Spis treści
Koniec z Kaliningradem. Od dziś należy mówić o Królewcu
"Komisja Standaryzacji Nazw Geograficznych poza Granicami Rzeczypospolitej Polskiej działająca przy Głównym Geodecie Kraju, na 125. posiedzeniu w dniu 12 kwietnia 2023 roku uchwaliła, że dla miasta o rosyjskiej nazwie Калининград (Kaliningrad) zalecana jest wyłącznie polska nazwa Królewiec i nie zalecane jest stosowanie w języku polskim nazwy Kaliningrad" - czytamy w komunikacie Komisji.
Jak dodano, jeśli chodzi o jednostkę administracyjną, w której znajduje się to miasto, a którą dotychczas określano z języka rosyjskiego - Калининградская область (Kaliningradskaja obłast - obwód kaliningradzki), zalecana jest polska nazwa - "obwód królewiecki".

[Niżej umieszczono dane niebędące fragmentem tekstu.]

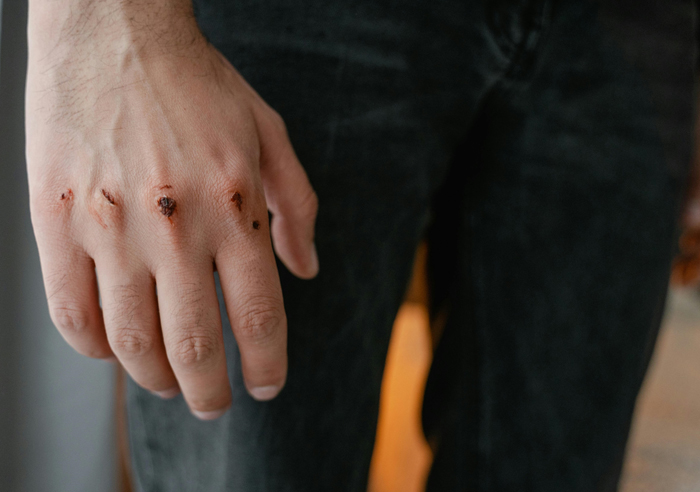 【萊沃醫(yī)療：知識(shí)分享】小傷口，大講究，別再不當(dāng)回事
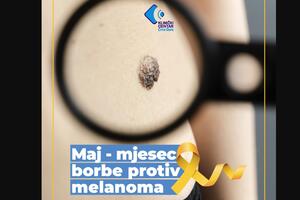 KCCG: Mjesec borbe protiv melanoma kože - preventivni pregledi bez...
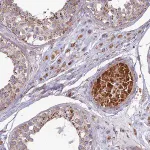 Merck Anti-SLC35F4 antibody produced in rabbit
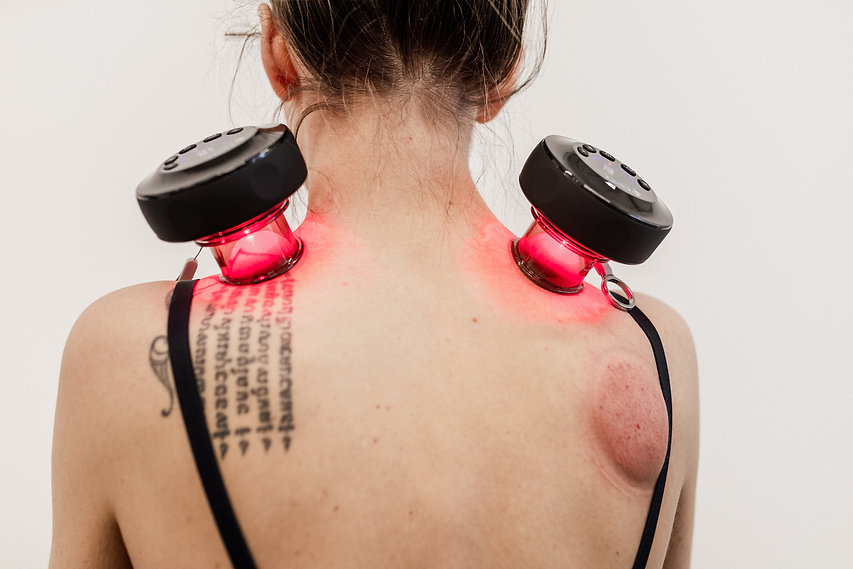 Dynamic Cupping With Red Light Therapy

Komisja poinformowała jednocześnie, że zmiana wchodzi w życie z dniem jej ogłoszenia tj. dnia 09 maja 2023 r.
Nie będzie już "obwodu kaliningradzkiego". Skąd taka decyzja?

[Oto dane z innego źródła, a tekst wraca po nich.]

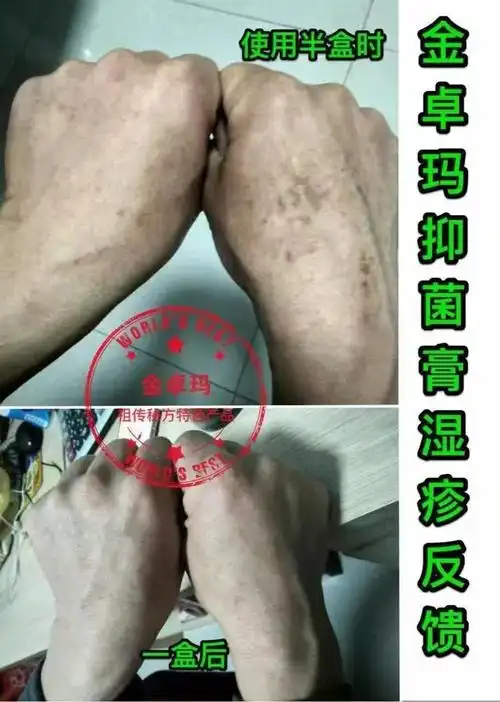 湿疹的分类和症状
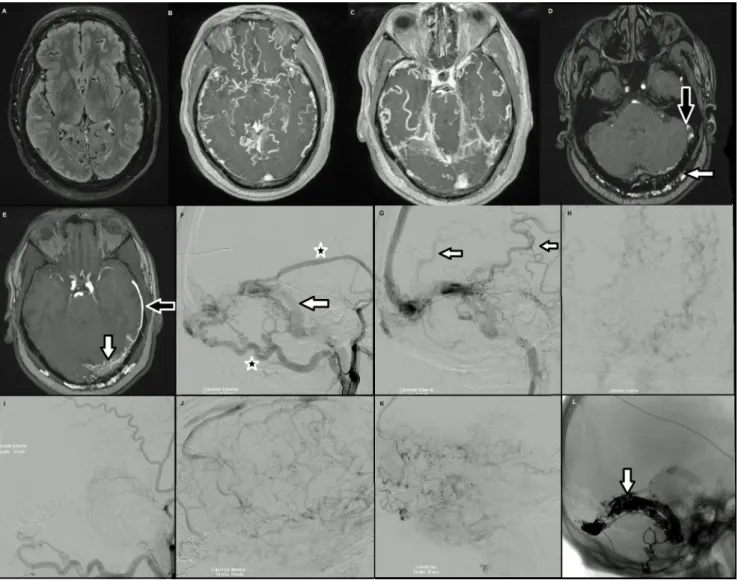 Fig. 3 Fistule durale de type VI avec coma Glasgow 6. A à E : IRM cérébrale montrant l ’ absence de franche anomalie du parenchyme cérébral (A), la dilatation majeure des veines cérébrales (B, C), la dilatation des artères méningées (D, flèche blanche) et 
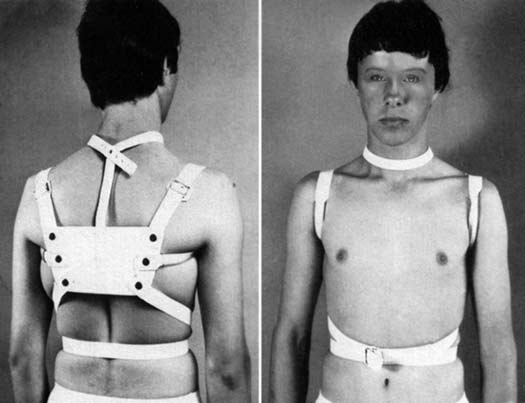 Französische Anti-Rundrücken-Bandage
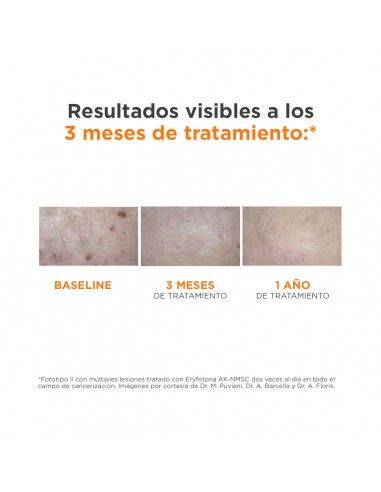Isdin Fotoprotección Eryfotona... Isdin Fotoprotección Eryfotona...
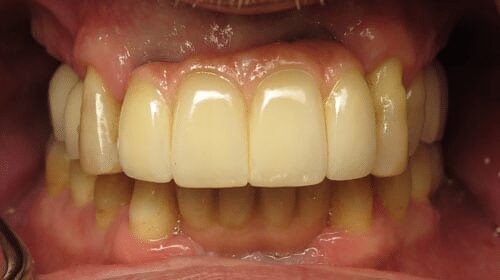 close up of completed dental implants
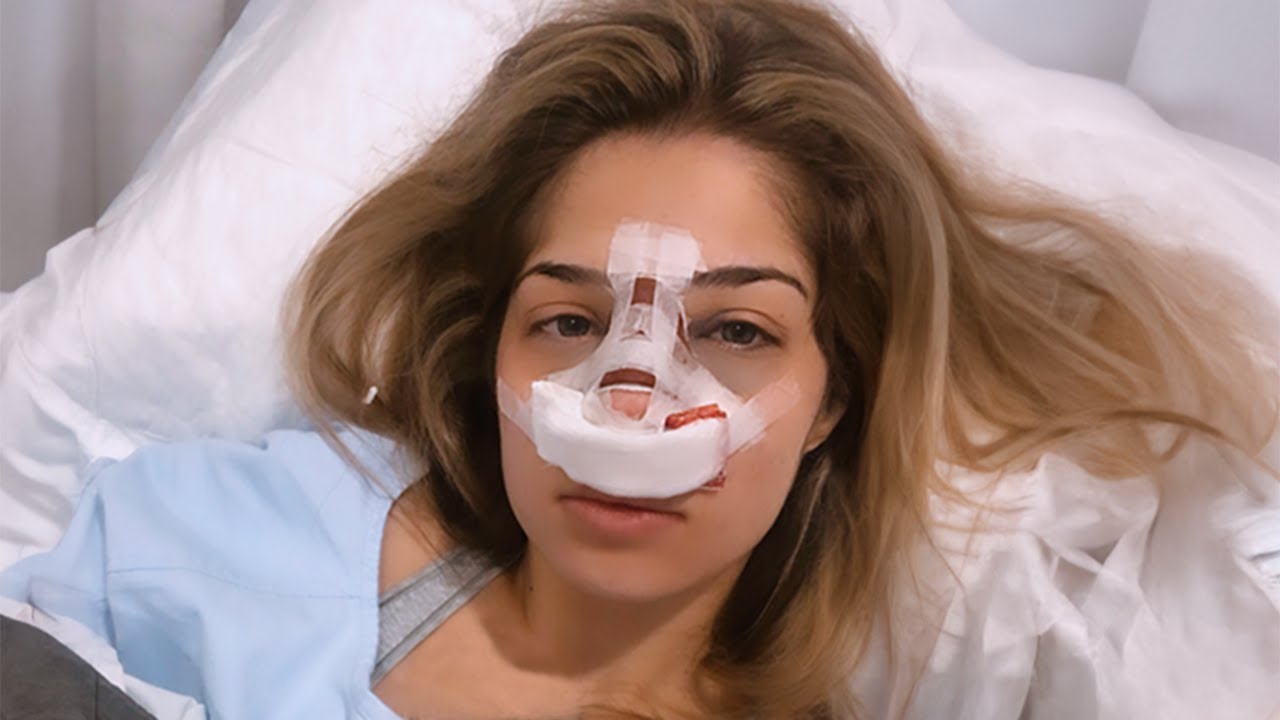 Τι Πλαστικές Έχω Κάνει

W komunikacie wskazano, że Komisja wzięła pod uwagę, że miasto, obecnie noszące rosyjską nazwę Kaliningrad, znane jest w Polsce pod tradycyjną nazwą Królewiec oraz że „obecna rosyjska nazwa tego miasta jest sztucznym chrztem niezwiązanym ani z miastem, ani z regionem”.

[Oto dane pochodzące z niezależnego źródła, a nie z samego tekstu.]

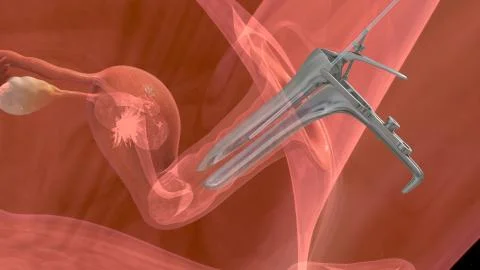 IVF Embryo transfer Illustrazione stock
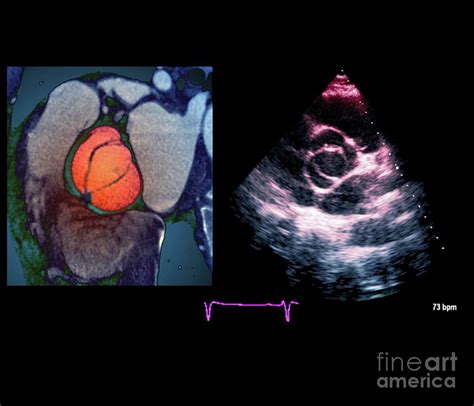 Aortic Valve Congenital Deformity Photograph By Zephyrscience Photo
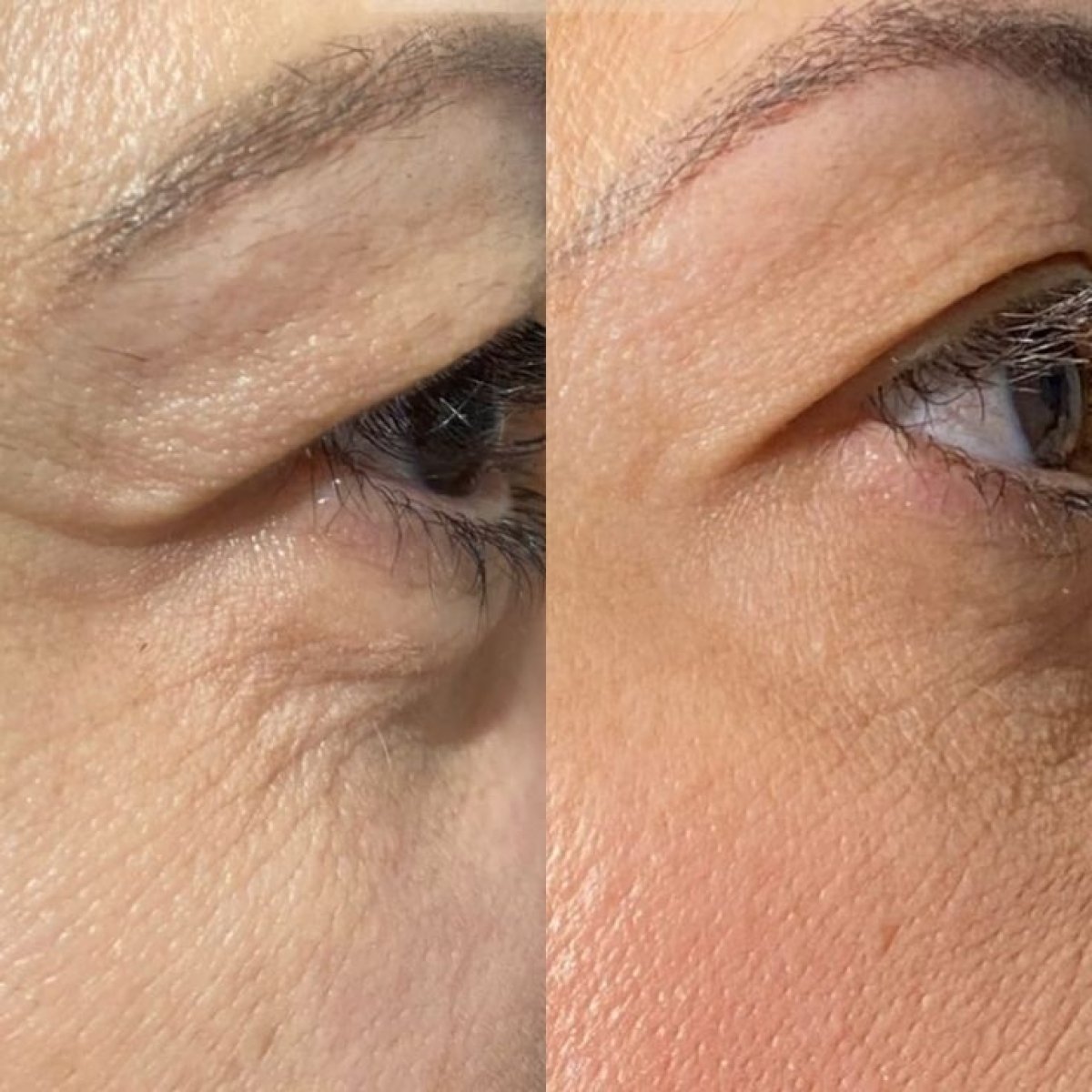 Resultados de blefaroplastia antes y después – corrección de párpados y piel más lisa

Komisja oceniła także, że nazwanie miasta położonego blisko granic Polski imieniem M.I. Kalinina, zbrodniarza współodpowiedzialnego m.in. wydania decyzji „o masowym wymordowaniu Polaków (zbrodnia katyńska), ma w Polsce emocjonalny, negatywny charakter”.
Polacy nie będą używać rosyjskich nazw. Mamy do tego prawo
W komunikacie podano także, że wydarzenia związane z rosyjskim napadem na Ukrainę, narzucanie tzw. ruskiego miru, prowadzenie przez Rosję wojny informacyjnej, każą inaczej spojrzeć na kwestię nazw narzuconych, budzących duże kontrowersje, nie spotykających się w Polsce z akceptacją.
„Każde państwo ma prawo używania w swoim języku tradycyjnych nazw stanowiących jego dziedzictwo kulturowe, nie może być natomiast zmuszane do stosowania w swoim języku nazw przez nie nieakceptowalnych” – stwierdzono w komunikacie.